The needed output is the run of lines below from the one containing "Betterfly Font - Preview 1" through the one containing "Offer van een", copied exactly and free of pictures.

▶ [Provided material]:

○ ○ ○ ○

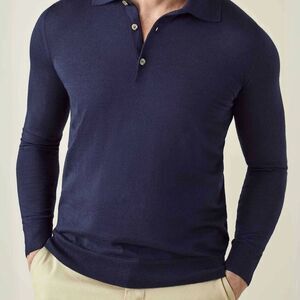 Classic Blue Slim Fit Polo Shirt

○ ○ ○ ○

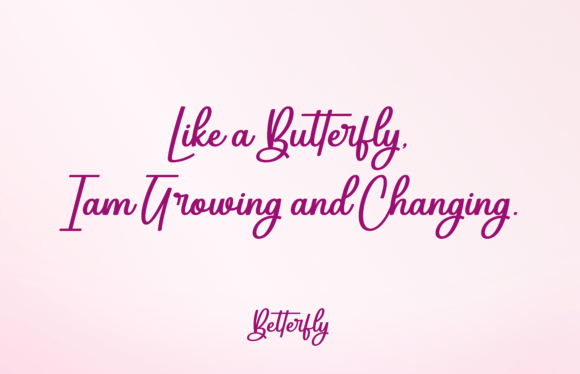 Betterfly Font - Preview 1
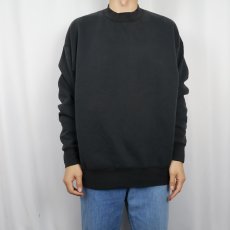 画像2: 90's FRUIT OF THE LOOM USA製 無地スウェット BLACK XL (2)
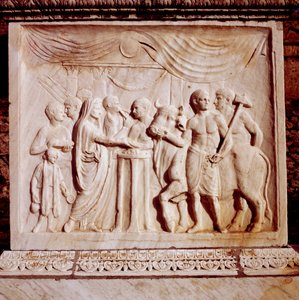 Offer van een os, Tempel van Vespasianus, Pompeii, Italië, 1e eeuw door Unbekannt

○ ○ ○ ○

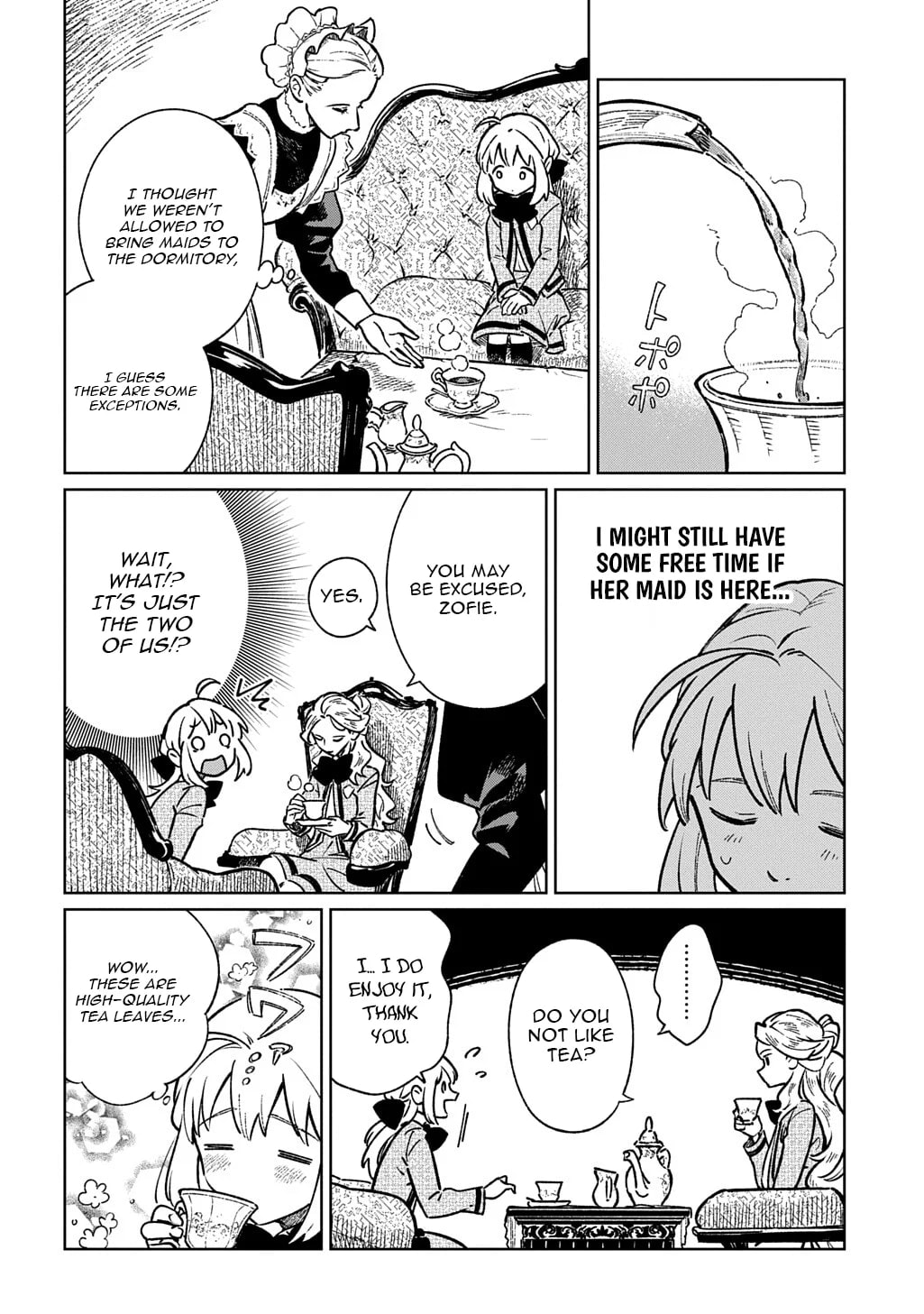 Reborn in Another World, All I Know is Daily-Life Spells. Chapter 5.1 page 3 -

○ ○ ○ ○

▶ [Solution for this problem]:
 Betterfly Font - Preview 1
 画像2: 90's FRUIT OF THE LOOM USA製 無地スウェット BLACK XL (2)
 Offer van een os, Tempel van Vespasianus, Pompeii, Italië, 1e eeuw door Unbekannt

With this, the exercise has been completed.